Faltava a cereja no topo do bolo: bater o Barcelona, carrasco Real Madrid e favorito para levantar o troféu no Estádio Wankford, em Berna. A 31 de maio de 1961, os catalães com um ataque que integrava o tridente húngaro composto por László Kubala, Sándor Kocsis e Zoltán Czibor e ainda o brasileiro Evaristo e um meio-campo onde pontificava Luis Suárez foram os primeiros a marcar, por Kocsis, de cabeça, na resposta a um cruzamento de Suárez aos 21 minutos.
 
Mas o Benfica não se foi abaixo e aproveitou dois erros do guarda-redes adversário Antoni Ramallets para dar a volta ao resultado.
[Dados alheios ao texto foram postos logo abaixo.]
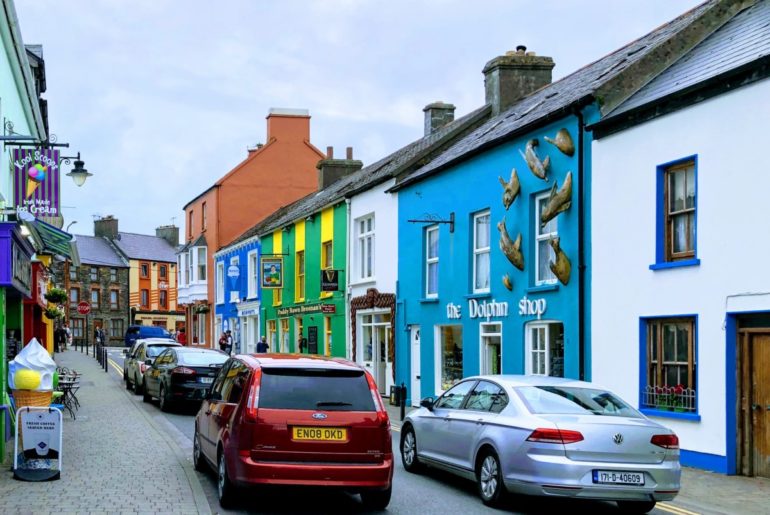 A small car driving in Ireland through a narrow road with parked cars in Dingle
À meia hora, o guardião saiu de forma precipitada para intercetar um cruzamento de Cavém e permitiu que José Águas colocasse a bola na baliza vazia. Um minuto depois, Ramallets marcou autogolo num lance às três tabelas em que ficou a dúvida se a bola havia ultrapassado a linha de baliza – o árbitro suíço Gottfried Dienst considerou que sim. E Mário Coluna, que havia partido o nariz no decorrer da primeira parte, fez o 3-1 através de um remate de pé direito, já no segundo tempo (55’).
 
O Barça reagiu bem e dispôs de várias oportunidades de golo, com Kocsis e Kubala a rematarem ao poste antes de Czibor reduzir para a desvantagem a quinze minutos do fim. O mesmo Czibor também acertou no poste ao cair do pano, imediatamente antes do apito final do árbitro.
 
Seguiram-se festejos eufóricos e uma invasão de campo pacífica por parte dos adeptos do Benfica. O presidente encarnado Vieira de Brito, na altura com 42 anos, sofreu um ataque cardíaco ligeiro. O treinador, Béla Guttmann, que havia sobrevivido ao Holocausto, pôs os olhos nos céus.